▶ **Exercise requirements**:
Your job is to return each record exactly, minus any pictures.

▶ **Data to examine**:

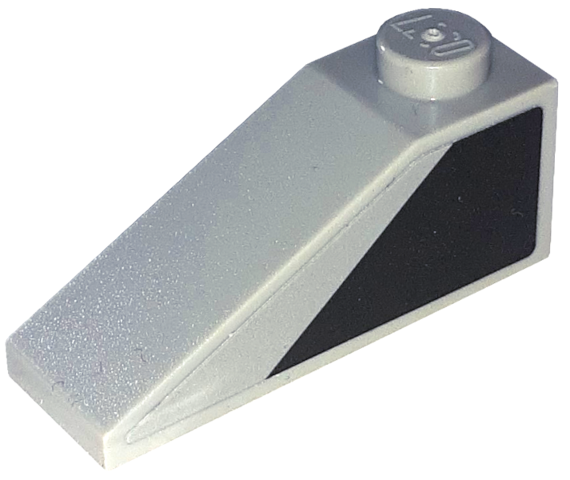 Slope 33 3 x 1 with Black Trapezoid Pattern Model Right Side (Sticker) - Set 76917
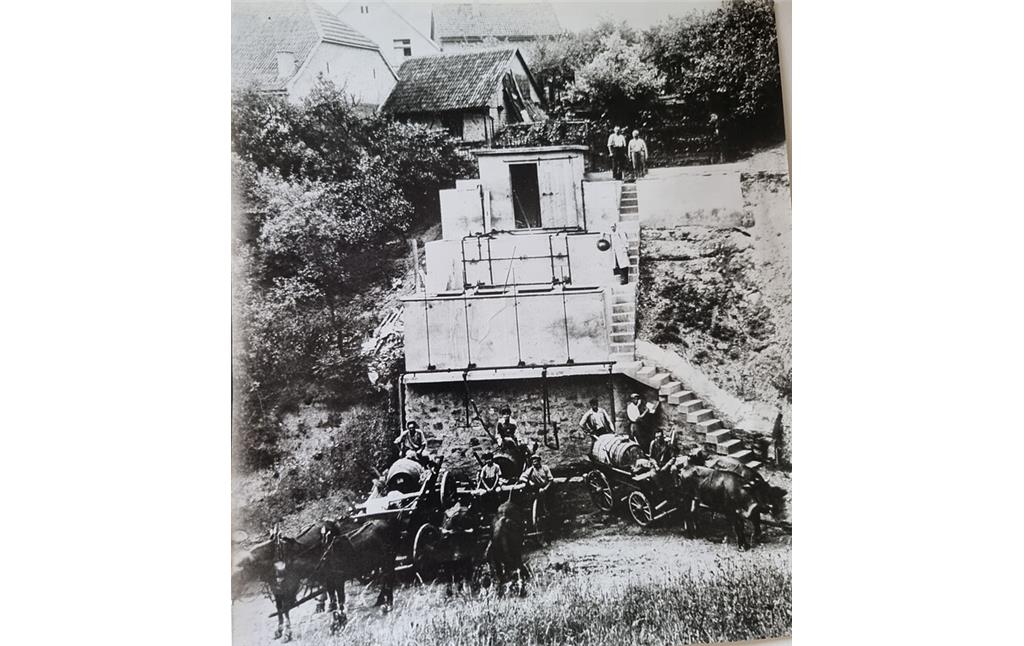 Spritzbrühe-Mischanlage in Laubenheim (ca. 1935)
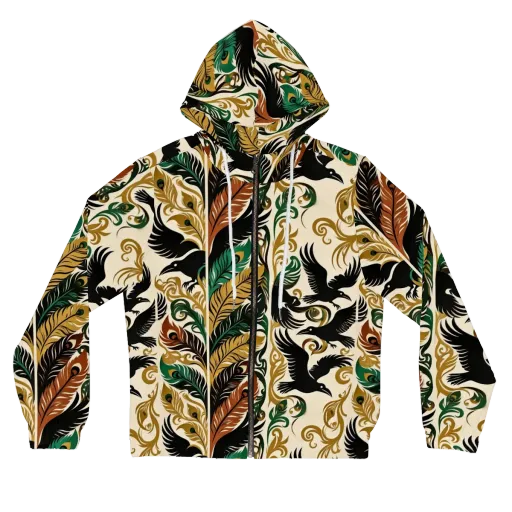 Raven Rococo on a Women's Full-Zip Hoodie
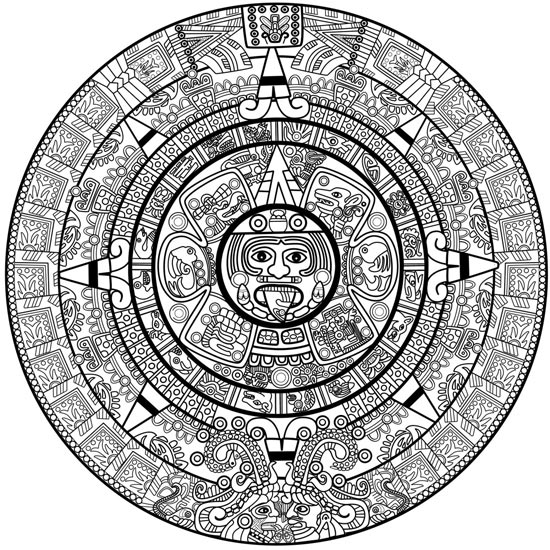 550x550 Aztec Calendar Vector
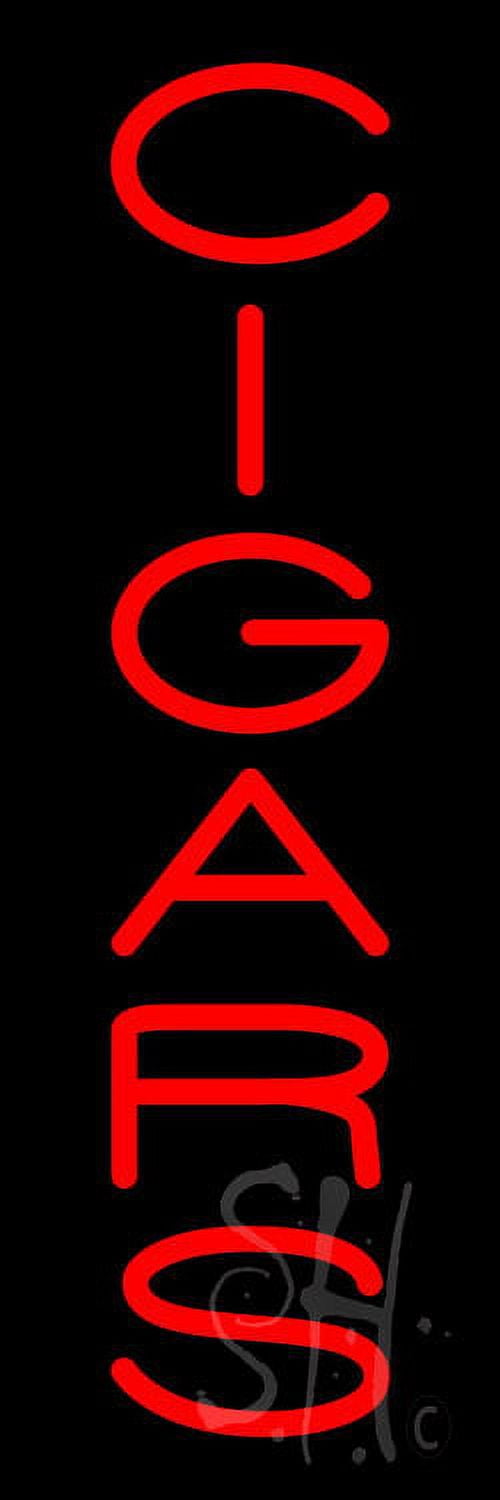 Red Vertical Cigars LED Neon Sign 24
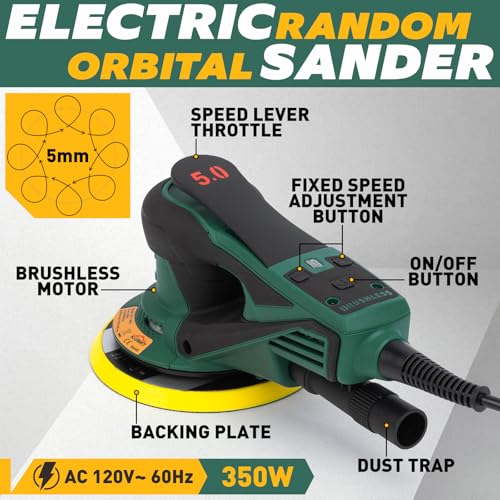 KUIMIT Pro-Grade 350W Brushless Sander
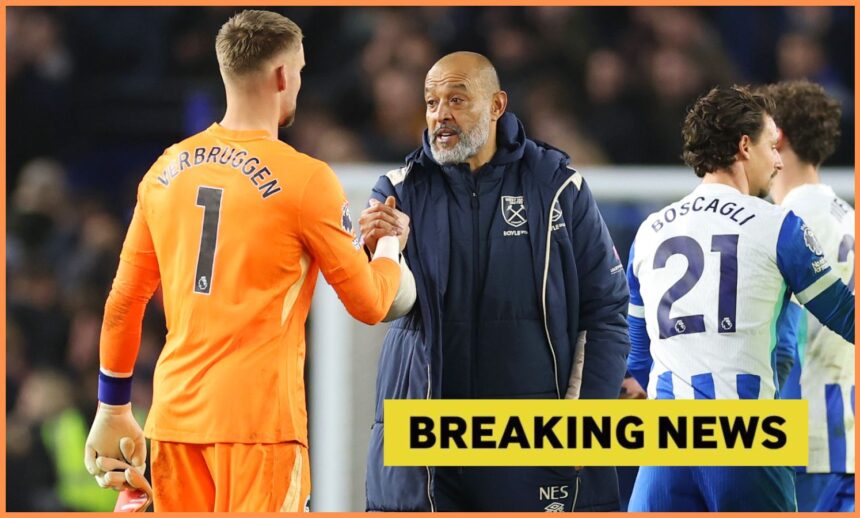 West Ham hero Nuno has fallen out of favor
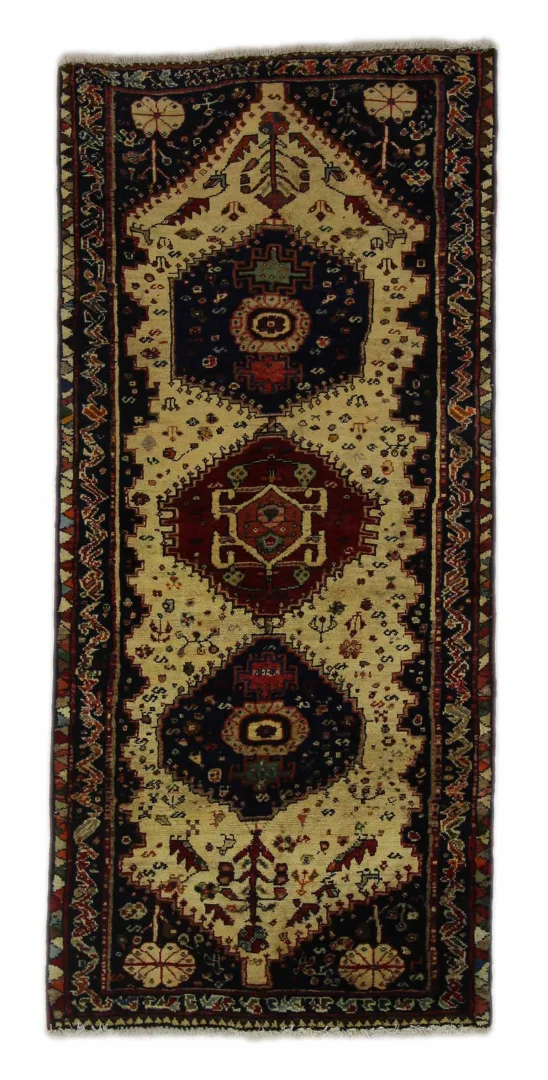 Gabbeh 172 x 78 cm, Shuli, 90.000 Knotendichte, handgeknüpft, Orientteppich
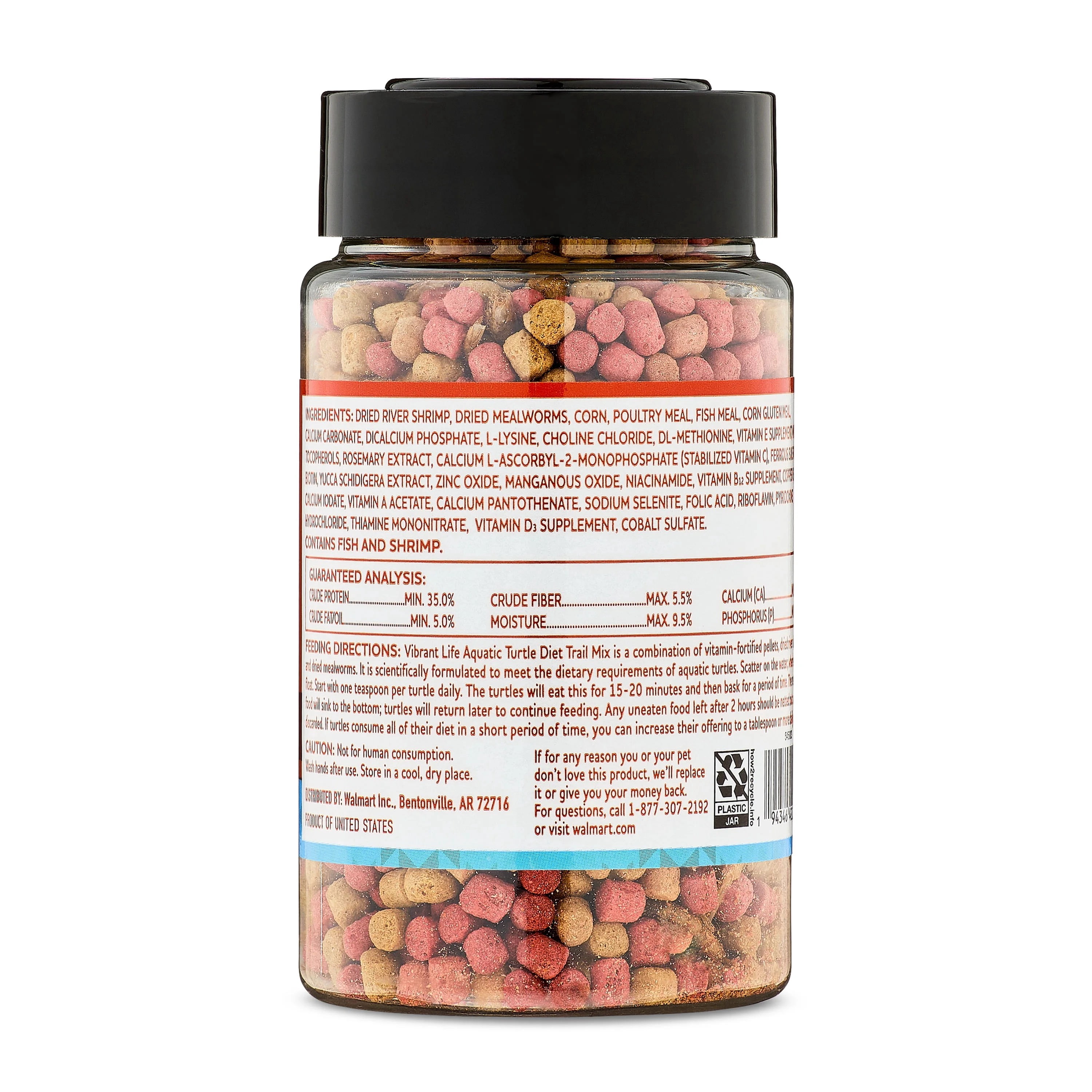 (12 pack) Vibrant Life Aquatic Turtle Diet Trail Mix, 3 oz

▶ **Task response**:
 Slope 33 3 x 1 with Black Trapezoid Pattern Model Right Side (Sticker) - Set 76917
 Spritzbrühe-Mischanlage in Laubenheim (ca. 1935)
 Raven Rococo on a Women's Full-Zip Hoodie
 550x550 Aztec Calendar Vector
 Red Vertical Cigars LED Neon Sign 24
 KUIMIT Pro-Grade 350W Brushless Sander
 West Ham hero Nuno has fallen out of favor
 Gabbeh 172 x 78 cm, Shuli, 90.000 Knotendichte, handgeknüpft, Orientteppich
 (12 pack) Vibrant Life Aquatic Turtle Diet Trail Mix, 3 oz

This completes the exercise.